WHAT IS BEING ASKED - Each line from the one with "Trung Nam Group" through the last line below must be written out exactly. Do not copy pictures.

DATASET EXTRACT -
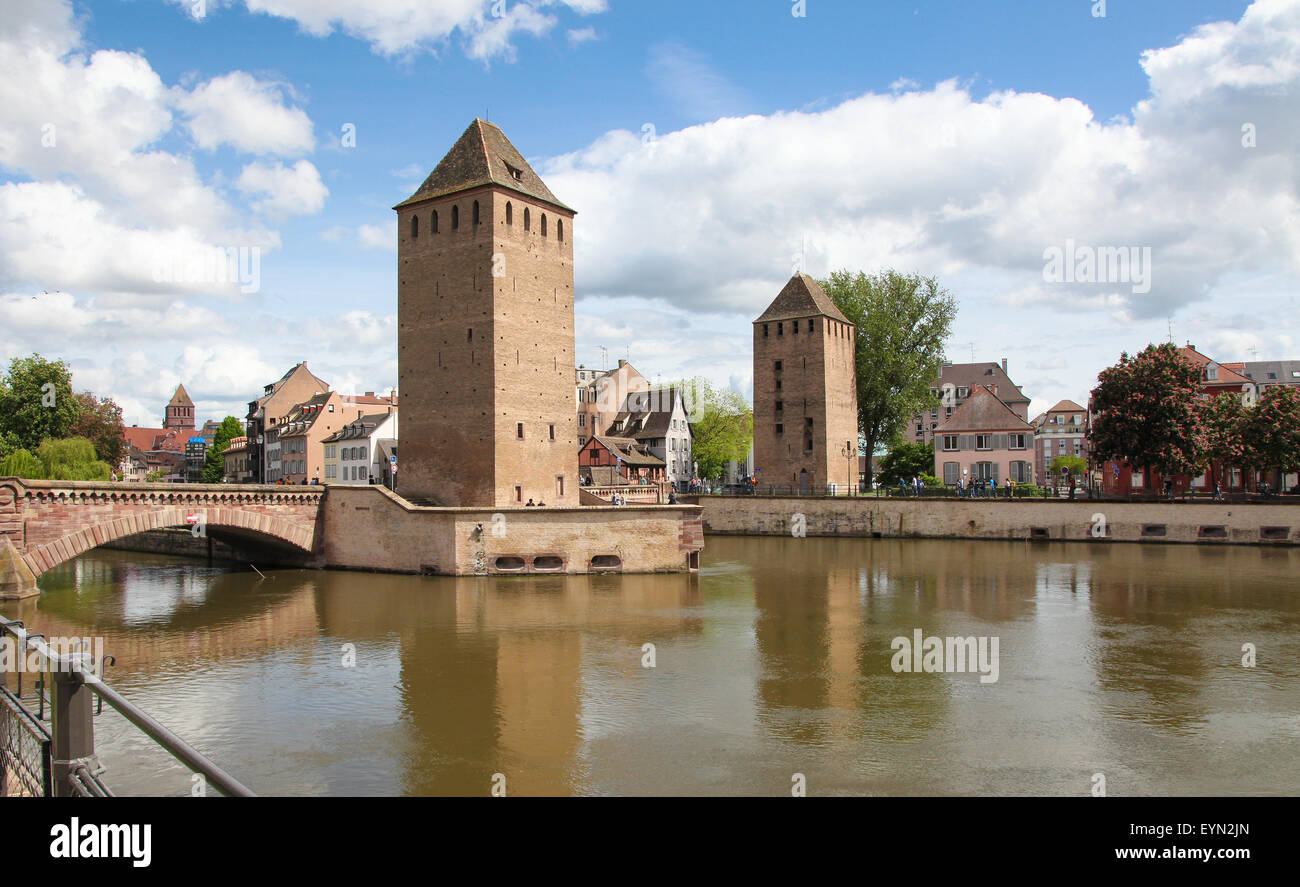 STRASBOURG, FRANCE - Le 9 mai 2015 : pont médiéval Ponts Couverts à Strasbourg, capitale de la région Alsace en France. Banque D'Images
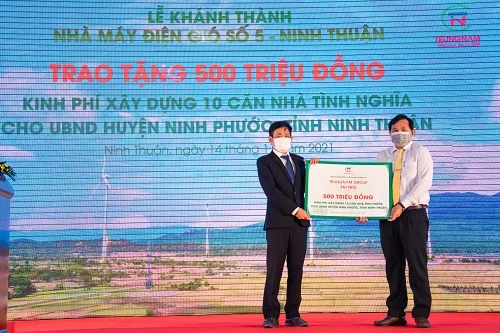 Trung Nam Group trao tặng 10 căn nhà tình nghĩa cho những gia đình có hoàn cảnh khó khăn tại địa phương với tổng số tiền ủng hộ 500 triệu đồng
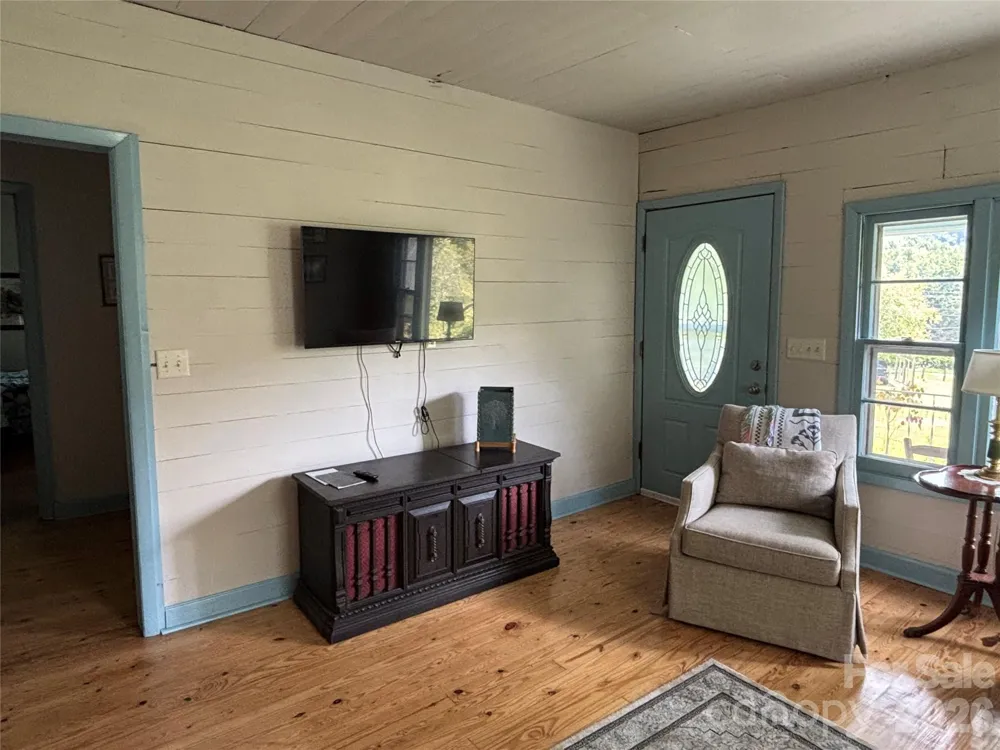 54 Jaimes Lane Bakersville, NC 28705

SOLVED PROBLEM -
 Trung Nam Group trao tặng 10 căn nhà tình nghĩa cho những gia đình có hoàn cảnh khó khăn tại địa phương với tổng số tiền ủng hộ 500 triệu đồng
 54 Jaimes Lane Bakersville, NC 28705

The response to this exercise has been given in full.